With this in mind, we thought it would be a great idea to relive some of Presley’s most iconic moments in Las Vegas that have stood the test of time.

Las Vegas

International Hotel – July 31st, 1969

Elvis Presley was in the best shape of his life: well-rehearsed, supported by top-notch musicians, and backed by the most extensive publicity campaign in Vegas history. However, Elvis hadn’t performed in years and did not know modern sound systems and other technical issues. In addition, the showroom was intimidating: it was twice the size of any other venue in Vegas, with seating for 2,000 people. Hollywood stars, Vegas artists, other high rollers, and rock critics and entertainment writers from across the country packed the audience on opening night.

The audience exploded in applause as he sang “Blue Suede Shoes.” It was the old Elvis, rocking as hard as he’d ever rocked on a classic tune they hadn’t heard him sing in more than a decade. He was dressed in a dark blue two-piece karate uniform with flared pants and a sash-like belt that whirled as he moved. His high-collared shirt was unbuttoned almost to his navel, and he wore a scarf around his neck loosely knotted. Elvis let the applause wash over him as he concluded his first song.

New Frontier Hotel and Casino – April 23rd, 1956

Elvis Presley first played in Las Vegas in 1956. On April 23rd, 1956, Elvis began a two-week stint at the New Frontier Hotel and Casino, riding high on the success of his song “Heartbreak Hotel.” While staying at the hotel, at 21 years old, Elvis Presley performed in the hotel’s famous Venus Room on the Las Vegas Strip. Elvis Presley was a hit with America’s youth, and he was billed as an atomic-powered performance.

International Hotel – January 26th, 1971

He comes on even stronger than before, bolstered by his experience at the International. The programming is excellent, with more goldies spaced out well, interspersed with contemporary stuff, and a pair of his gospel classics in a stroke of genius. Unsurprisingly, his trump melody sends the curtain down with a thunderous round of applause. But, after more than an hour of belting and tremendous physical exertion, his subjective treatment of ‘Impossible Dream’ wins the year’s surprise sweepstakes for a Vegas performance.

Welcome To Las Vegas

Back then, Las Vegas was a very different place, it was smaller, with much less glamour and the city did not have nearly as many full-time residents or all the facilities it has today. So for people seeing this show, the only word that would have come to mind to describe Elvis’ performances would have been, spectacular.
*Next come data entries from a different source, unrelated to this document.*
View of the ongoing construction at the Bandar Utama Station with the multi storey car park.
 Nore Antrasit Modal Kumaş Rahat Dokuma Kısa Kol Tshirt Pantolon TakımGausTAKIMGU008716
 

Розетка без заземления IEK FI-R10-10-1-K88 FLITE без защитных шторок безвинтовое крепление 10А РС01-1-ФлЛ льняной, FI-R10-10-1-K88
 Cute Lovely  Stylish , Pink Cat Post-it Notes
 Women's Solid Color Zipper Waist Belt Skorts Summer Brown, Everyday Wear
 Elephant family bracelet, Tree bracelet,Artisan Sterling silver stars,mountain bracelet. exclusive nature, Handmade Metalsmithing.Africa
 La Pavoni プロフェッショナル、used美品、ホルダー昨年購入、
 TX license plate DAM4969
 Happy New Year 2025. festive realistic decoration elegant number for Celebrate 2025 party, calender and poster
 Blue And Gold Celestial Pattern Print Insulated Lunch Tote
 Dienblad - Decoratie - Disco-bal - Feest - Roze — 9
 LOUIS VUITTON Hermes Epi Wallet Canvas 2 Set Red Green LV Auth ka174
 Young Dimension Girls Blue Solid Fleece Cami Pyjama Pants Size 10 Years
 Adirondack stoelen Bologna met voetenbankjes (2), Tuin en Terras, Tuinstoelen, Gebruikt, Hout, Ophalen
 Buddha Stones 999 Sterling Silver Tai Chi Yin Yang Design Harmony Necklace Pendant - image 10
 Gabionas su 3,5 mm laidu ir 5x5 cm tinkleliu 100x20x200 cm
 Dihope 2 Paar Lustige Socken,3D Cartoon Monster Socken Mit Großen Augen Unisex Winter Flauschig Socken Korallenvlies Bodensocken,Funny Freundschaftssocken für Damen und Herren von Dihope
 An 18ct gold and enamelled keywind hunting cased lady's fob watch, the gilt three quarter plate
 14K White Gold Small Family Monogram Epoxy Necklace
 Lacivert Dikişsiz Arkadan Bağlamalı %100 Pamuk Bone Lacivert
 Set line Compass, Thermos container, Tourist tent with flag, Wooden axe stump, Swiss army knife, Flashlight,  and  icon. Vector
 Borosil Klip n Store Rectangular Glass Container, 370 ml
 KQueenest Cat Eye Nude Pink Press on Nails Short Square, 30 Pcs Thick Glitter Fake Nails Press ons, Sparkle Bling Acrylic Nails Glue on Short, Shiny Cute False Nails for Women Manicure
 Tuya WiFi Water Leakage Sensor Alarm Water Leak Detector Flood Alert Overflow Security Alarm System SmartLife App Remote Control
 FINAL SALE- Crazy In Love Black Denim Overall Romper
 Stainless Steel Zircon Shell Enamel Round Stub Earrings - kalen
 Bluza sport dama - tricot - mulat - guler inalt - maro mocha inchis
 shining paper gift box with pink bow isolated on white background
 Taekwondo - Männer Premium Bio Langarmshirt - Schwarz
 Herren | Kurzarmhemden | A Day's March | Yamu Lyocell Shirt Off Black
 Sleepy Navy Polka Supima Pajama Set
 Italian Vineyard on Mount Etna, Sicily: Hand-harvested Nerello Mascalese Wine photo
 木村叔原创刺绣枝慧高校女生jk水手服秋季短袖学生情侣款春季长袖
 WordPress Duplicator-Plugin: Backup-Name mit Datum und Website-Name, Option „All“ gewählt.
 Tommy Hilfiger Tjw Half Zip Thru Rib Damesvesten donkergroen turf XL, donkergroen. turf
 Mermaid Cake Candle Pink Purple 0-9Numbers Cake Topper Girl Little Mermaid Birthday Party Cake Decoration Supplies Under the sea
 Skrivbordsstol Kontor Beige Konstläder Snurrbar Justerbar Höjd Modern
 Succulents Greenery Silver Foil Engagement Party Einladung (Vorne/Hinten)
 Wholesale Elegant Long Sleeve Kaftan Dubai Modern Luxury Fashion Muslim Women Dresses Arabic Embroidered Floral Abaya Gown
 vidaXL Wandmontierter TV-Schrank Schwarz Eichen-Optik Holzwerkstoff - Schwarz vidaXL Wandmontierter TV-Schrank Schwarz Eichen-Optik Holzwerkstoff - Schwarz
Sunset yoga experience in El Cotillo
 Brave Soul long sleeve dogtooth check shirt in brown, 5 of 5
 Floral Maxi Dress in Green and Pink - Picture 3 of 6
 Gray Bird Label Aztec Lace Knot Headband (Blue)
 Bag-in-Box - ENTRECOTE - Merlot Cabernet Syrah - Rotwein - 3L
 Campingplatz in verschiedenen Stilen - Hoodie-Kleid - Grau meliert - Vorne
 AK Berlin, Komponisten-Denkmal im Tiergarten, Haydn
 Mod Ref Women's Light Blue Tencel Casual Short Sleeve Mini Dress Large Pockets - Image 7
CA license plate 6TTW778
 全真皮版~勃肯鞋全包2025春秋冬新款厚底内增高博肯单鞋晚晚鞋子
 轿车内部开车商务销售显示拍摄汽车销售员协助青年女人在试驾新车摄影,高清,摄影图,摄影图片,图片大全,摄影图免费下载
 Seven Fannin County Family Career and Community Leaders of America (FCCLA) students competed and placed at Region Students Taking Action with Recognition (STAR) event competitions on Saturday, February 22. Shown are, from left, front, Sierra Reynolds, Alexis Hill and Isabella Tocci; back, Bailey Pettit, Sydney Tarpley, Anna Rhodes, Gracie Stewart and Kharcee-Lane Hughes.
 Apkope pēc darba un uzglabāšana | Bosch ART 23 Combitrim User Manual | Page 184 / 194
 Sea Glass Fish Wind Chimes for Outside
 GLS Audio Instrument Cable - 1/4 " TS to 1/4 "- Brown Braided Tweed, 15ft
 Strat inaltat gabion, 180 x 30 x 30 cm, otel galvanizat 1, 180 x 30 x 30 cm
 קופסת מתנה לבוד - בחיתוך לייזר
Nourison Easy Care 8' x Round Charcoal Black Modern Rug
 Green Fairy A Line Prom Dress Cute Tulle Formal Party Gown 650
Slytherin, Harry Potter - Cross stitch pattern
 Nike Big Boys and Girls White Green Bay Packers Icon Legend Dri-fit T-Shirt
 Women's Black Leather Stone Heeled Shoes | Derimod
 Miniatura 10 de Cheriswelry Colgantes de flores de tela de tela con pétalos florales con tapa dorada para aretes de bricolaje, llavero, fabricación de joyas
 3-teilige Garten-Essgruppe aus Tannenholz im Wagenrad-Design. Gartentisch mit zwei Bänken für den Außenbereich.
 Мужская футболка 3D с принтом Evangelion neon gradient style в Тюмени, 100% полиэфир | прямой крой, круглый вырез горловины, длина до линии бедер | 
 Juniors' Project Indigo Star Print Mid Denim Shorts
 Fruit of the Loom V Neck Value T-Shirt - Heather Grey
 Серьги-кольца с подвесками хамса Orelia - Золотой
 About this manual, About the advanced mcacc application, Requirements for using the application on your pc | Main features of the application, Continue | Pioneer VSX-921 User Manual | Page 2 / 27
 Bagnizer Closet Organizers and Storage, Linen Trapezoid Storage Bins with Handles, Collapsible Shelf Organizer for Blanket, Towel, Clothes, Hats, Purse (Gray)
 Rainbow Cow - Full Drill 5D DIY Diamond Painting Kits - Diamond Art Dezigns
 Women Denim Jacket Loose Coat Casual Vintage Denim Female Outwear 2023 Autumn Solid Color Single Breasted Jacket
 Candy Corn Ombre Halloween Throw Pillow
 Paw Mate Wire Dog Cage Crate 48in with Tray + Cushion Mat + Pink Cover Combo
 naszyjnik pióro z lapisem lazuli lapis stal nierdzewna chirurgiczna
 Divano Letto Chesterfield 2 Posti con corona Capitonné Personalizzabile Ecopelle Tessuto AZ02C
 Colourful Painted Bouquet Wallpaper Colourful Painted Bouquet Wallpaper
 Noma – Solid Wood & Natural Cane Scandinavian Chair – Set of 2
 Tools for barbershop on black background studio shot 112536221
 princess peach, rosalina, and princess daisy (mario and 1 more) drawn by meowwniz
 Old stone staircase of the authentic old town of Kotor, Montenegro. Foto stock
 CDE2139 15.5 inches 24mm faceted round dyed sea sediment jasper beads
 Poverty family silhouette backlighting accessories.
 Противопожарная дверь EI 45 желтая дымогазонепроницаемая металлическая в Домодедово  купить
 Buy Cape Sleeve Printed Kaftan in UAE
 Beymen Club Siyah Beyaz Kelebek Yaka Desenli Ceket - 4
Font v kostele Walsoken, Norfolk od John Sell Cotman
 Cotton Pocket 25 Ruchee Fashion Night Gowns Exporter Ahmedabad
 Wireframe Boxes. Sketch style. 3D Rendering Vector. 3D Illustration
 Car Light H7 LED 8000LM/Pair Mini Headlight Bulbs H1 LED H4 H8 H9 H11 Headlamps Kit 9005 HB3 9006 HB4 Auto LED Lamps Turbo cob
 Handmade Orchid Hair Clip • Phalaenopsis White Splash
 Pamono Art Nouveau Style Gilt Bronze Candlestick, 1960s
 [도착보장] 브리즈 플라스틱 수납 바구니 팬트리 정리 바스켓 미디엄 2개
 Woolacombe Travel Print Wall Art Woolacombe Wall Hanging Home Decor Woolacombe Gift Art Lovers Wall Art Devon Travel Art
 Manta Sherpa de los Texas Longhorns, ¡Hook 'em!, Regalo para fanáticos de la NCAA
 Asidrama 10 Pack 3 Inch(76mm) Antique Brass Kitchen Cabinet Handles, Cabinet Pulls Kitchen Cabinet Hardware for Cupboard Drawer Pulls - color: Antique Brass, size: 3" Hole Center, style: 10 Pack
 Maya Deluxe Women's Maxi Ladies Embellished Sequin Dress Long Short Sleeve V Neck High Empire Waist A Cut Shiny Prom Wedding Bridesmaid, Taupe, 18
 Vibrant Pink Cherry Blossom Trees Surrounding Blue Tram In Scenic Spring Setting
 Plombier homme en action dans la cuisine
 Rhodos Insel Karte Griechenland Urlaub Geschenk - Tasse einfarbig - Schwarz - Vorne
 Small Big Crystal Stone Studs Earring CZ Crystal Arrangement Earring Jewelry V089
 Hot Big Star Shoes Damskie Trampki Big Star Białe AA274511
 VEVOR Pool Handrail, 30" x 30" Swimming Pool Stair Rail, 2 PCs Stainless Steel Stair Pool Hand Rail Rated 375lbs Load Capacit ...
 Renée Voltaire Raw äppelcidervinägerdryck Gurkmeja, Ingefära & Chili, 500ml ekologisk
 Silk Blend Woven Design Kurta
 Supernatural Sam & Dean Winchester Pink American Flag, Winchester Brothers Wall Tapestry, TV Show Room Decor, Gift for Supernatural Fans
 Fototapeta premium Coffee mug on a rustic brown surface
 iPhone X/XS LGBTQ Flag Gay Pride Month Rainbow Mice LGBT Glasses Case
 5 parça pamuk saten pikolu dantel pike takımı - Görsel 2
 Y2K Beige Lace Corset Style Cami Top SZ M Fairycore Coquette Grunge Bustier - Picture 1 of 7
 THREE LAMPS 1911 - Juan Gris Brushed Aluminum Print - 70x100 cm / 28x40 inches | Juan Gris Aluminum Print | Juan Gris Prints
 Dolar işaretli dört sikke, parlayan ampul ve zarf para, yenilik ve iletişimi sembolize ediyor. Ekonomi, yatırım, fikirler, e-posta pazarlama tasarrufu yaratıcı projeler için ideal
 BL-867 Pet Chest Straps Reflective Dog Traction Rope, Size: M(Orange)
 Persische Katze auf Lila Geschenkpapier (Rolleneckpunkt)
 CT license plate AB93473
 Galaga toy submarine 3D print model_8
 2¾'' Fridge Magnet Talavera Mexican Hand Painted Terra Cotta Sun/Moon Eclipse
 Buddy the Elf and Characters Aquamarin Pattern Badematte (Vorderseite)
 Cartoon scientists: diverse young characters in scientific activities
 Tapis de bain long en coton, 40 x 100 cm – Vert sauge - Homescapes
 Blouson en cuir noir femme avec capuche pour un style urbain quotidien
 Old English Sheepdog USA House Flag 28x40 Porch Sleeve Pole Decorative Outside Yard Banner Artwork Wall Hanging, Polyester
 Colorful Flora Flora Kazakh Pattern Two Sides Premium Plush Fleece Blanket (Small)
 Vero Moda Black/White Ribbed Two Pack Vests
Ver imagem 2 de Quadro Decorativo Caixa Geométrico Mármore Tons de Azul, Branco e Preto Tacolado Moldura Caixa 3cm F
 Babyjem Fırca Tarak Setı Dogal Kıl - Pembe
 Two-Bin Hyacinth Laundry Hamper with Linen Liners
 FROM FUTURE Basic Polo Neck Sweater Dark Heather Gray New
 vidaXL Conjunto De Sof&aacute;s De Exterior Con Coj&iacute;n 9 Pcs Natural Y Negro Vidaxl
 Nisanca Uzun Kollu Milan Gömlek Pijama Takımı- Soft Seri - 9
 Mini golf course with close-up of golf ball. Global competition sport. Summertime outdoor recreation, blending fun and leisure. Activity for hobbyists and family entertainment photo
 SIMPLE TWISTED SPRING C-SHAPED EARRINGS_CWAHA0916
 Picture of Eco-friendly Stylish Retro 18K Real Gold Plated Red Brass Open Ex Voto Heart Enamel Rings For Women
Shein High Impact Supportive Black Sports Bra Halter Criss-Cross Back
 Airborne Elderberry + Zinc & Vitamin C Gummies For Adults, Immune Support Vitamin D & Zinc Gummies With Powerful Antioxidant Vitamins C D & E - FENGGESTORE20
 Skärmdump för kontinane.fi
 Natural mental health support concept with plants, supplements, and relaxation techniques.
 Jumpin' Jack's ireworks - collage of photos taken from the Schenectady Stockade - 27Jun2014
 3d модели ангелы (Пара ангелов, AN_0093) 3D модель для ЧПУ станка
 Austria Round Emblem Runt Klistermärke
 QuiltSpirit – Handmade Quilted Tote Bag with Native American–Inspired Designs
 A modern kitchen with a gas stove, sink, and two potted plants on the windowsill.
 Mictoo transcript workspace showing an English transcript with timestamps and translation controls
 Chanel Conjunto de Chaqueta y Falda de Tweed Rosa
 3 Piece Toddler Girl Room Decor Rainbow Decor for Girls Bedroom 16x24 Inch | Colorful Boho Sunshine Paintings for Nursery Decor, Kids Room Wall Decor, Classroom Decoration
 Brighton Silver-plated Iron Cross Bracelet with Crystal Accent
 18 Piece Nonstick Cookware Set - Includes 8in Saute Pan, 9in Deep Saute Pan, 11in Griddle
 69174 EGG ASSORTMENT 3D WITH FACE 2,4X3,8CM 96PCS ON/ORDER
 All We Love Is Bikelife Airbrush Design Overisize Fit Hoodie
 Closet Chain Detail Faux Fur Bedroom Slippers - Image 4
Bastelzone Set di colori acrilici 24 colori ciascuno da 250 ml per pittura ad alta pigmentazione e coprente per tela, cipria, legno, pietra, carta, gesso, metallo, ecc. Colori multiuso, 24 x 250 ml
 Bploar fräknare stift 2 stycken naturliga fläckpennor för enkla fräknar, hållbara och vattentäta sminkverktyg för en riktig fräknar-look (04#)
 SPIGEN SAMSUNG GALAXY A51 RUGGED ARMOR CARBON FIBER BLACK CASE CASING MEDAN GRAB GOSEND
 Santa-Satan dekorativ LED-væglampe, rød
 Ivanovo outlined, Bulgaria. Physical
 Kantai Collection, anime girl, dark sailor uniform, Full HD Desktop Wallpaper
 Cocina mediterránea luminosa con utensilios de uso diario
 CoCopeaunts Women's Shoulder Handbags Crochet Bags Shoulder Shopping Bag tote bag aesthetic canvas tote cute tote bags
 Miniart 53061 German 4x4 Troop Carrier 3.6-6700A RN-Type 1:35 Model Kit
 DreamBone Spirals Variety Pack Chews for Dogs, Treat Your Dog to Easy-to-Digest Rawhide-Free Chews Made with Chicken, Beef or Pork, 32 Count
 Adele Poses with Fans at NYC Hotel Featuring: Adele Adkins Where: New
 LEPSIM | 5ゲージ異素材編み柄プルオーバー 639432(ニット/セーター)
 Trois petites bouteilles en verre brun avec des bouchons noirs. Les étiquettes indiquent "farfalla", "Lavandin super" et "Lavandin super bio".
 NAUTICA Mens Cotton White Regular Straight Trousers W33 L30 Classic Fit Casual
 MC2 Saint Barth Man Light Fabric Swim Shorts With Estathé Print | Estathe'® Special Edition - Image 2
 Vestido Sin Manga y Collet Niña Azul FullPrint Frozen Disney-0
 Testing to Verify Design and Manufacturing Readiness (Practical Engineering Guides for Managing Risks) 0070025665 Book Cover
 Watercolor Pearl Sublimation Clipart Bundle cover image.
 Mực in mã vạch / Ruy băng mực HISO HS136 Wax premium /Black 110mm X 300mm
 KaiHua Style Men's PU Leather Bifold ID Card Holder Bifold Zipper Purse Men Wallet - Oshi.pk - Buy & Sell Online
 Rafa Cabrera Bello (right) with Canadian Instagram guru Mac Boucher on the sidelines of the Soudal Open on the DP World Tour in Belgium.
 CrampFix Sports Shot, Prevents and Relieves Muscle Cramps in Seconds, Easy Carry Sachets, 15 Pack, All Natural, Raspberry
Elvis Presley had performed more than 600 — possibly even more than 800 — sold-out gigs there by the time he died in 1977. The events cover a pivotal period in Elvis’ career, including the strong performance following his acclaimed 1968 “comeback spectacular” and the latter years of Elvis’ life, when popular opinion held that he had devolved into a caricature of his former performing self.

Elvis Presley left an indelible mark on the city of Las Vegas, and it was one of his most essential stops during his career. As a result, Elvis Presley’s bond with Las Vegas is significant and long-lasting. Even after his death, Las Vegas remains an Elvis-centric community, with daily Elvis concerts, an army of impersonators, and individuals traveling worldwide to get married by an Elvis Presley impersonator.